• [Work request] The response should consist only of the lines from the one with "used 2021 Nissan" to the end of the data below, copied exactly and without pictures.

----- Raw data -----

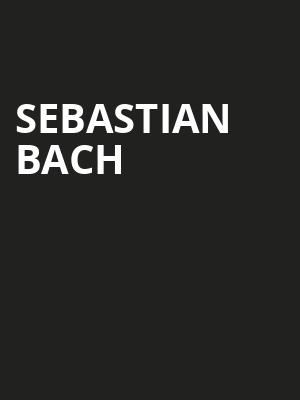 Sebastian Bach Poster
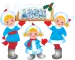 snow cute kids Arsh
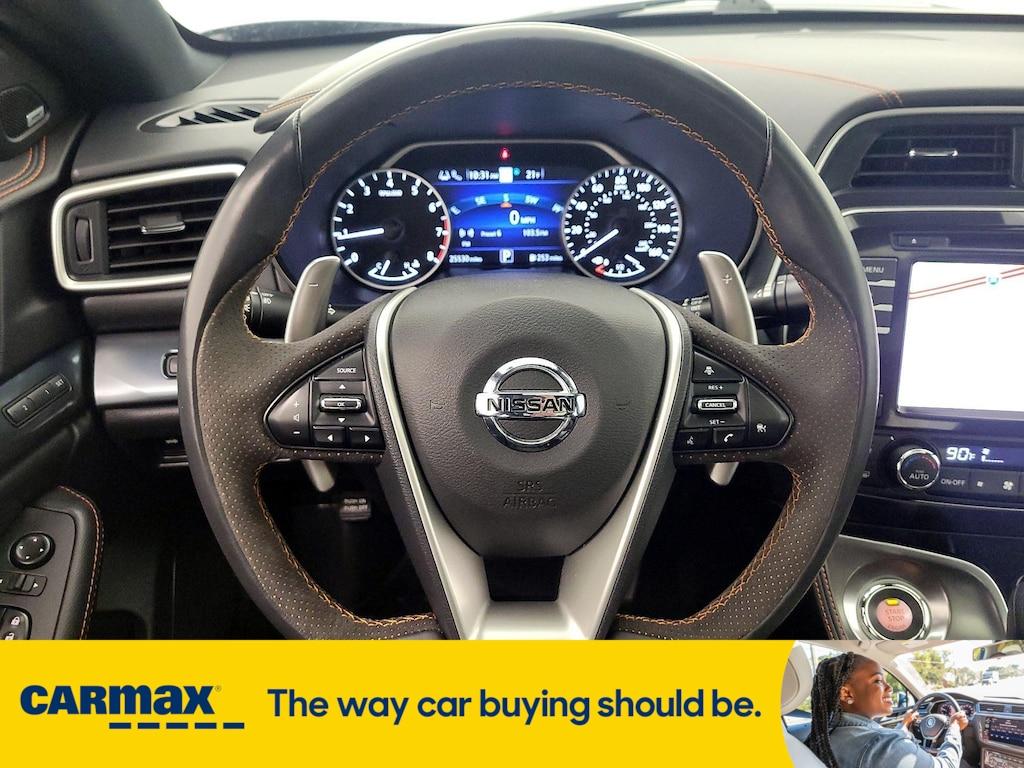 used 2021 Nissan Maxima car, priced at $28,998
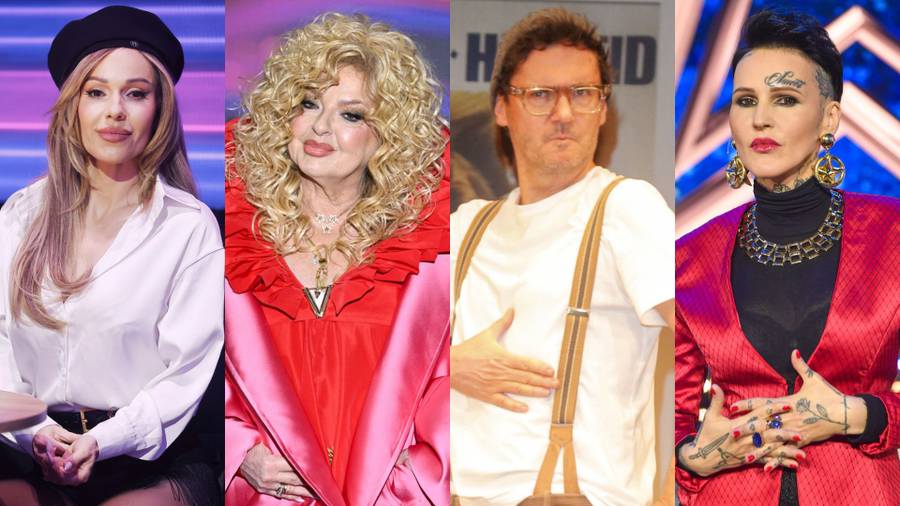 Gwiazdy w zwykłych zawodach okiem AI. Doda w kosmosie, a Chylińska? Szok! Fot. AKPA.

-----

• [Answer below]
 used 2021 Nissan Maxima car, priced at $28,998
 Gwiazdy w zwykłych zawodach okiem AI. Doda w kosmosie, a Chylińska? Szok! Fot. AKPA.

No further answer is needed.